Après de longues semaines de confinement, la réouverture a vu apparaître, chez beaucoup, une nostalgie du calme qui leur avait été accordé par ces semaines de télétravail – ou de chômage partiel. Plus d’heures perdues dans les embouteillages, plus de métros bondés aux heures de pointe, plus de cantine avec les collègues, enfin du temps pour soi. Mais ce tableau idyllique du confinement fait abstraction des inégalités entre hommes et femmes devant le télétravail.
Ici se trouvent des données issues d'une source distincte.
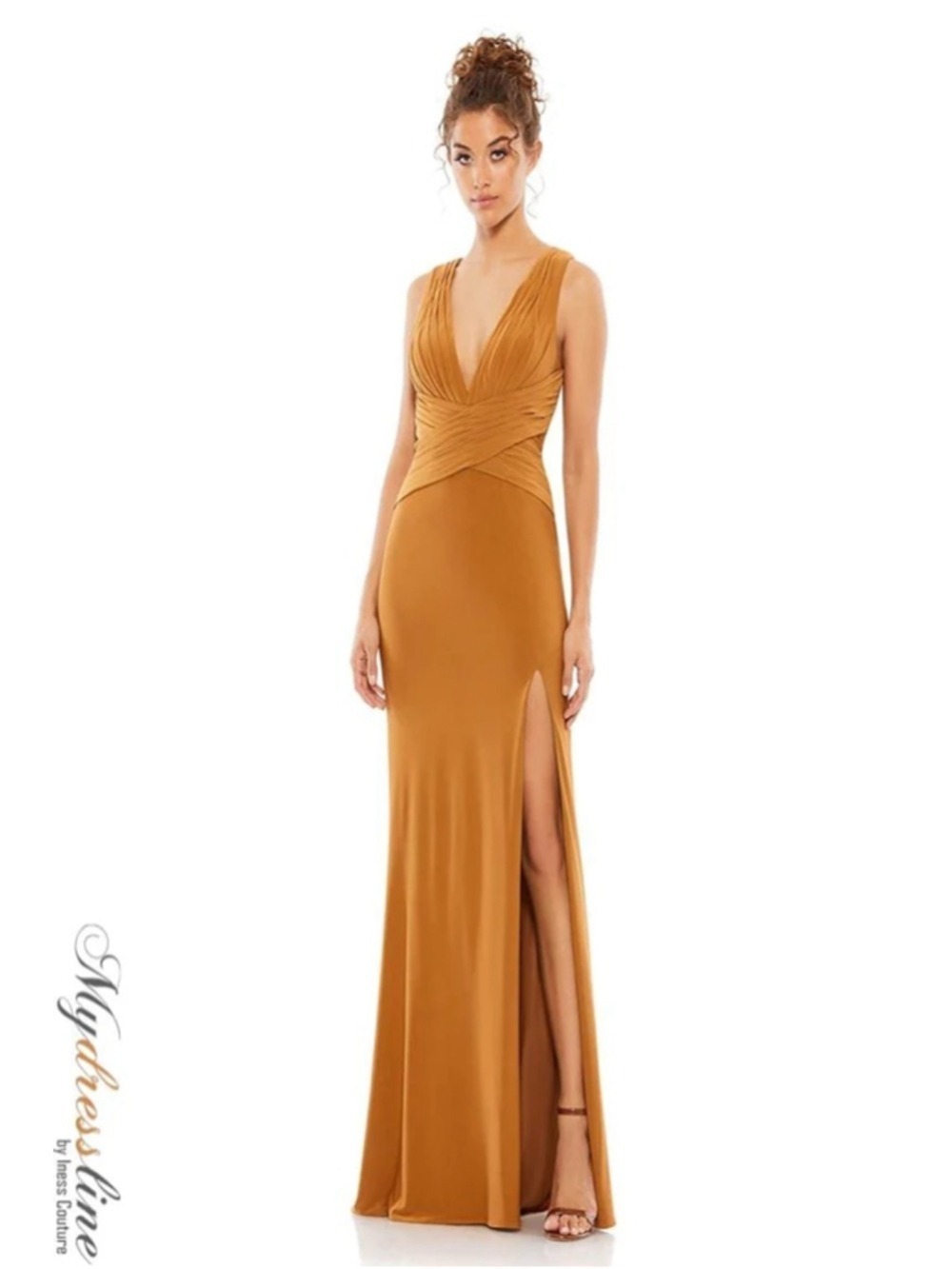Women's IEENA for Mac Duggal Caramel Maxi Dress Size 2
D’abord, les femmes occupent la majorité des emplois qui ne peuvent pas être exercés à distance. La quasi-totalité des aides à domicile sont des femmes, 87 % du personnel infirmier, 91 % des aides-soignants, 76 % des caissiers et des vendeurs, 73 % des agents d’entretien… L’immense majorité de ces métiers de service, que l’on appelle métiers du care parce qu’ils consistent à prendre soin des autres, sont occupés par des femmes. Le confinement a jeté une lumière crue sur ce que les travaux féministes pointent depuis longtemps : la vie et l’indépendance des hommes et des femmes des classes moyennes et aisées sont rendues possibles par le travail sous-payé, sous-déclaré, sous-protégé de femmes majoritairement pauvres et non blanches. Pendant que nous télétravaillons, il faut bien que les hôpitaux, les Ehpad, les supermarchés fonctionnent, et cela n’est possible que grâce au travail invisible et dévalorisé de ces femmes.
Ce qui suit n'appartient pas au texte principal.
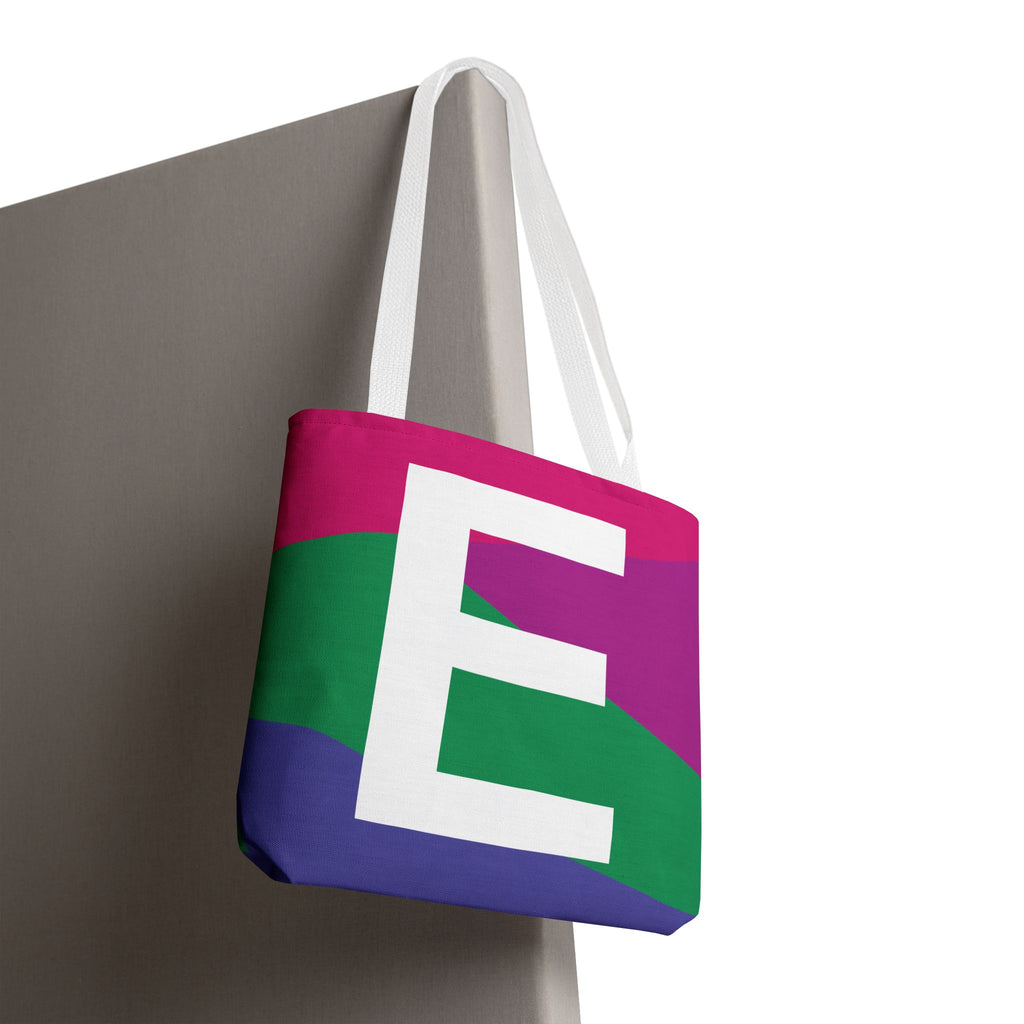 Monogram 'E' Colorblock Tote Bag — Personalized Initial E Shoulder Tote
Mais, même lorsque les femmes occupent des emplois qui permettent le télétravail, les inégalités avec les hommes sont criantes. Le télétravail renforce la division genrée du travail : pour les femmes, il entraîne, tel qu’il a eu lieu ces dernières semaines, une augmentation du travail à fournir. Selon une étude récente, 63 % des femmes en couple font toutes les tâches liées aux repas, de la conception aux courses, en passant par la cuisine et la vaisselle. Pour ces femmes-là ou pour les mères isolées, la fermeture des écoles et des cantines a entraîné une augmentation considérable du temps ménager : entre les repas à préparer et l’école à la maison, les journées de travail se sont étalées jusqu’à tard dans la nuit. On comprend mieux pourquoi les femmes, déjà en minorité d’habitude, ont presque complètement disparu de l’espace médiatique ces dernières semaines. On aurait pu penser que le temps gagné par les hommes conduirait ceux-ci à prendre davantage part aux obligations domestiques – cela n’a pas été le cas, au contraire. Mais il ne faut pas croire que cela s’explique par les spécificités du confinement. Une étude de la fondation Hans-Böckler, menée à partir d’un panel de 30 000 couples allemands de 2003 à 2016, montrait déjà que la flexibilité du travail et le télétravail, hors pandémie, ont tendance à renforcer les normes de genre : les hommes consacrent moins de temps à leurs enfants et au travail domestique dans ces conditions, les femmes davantage.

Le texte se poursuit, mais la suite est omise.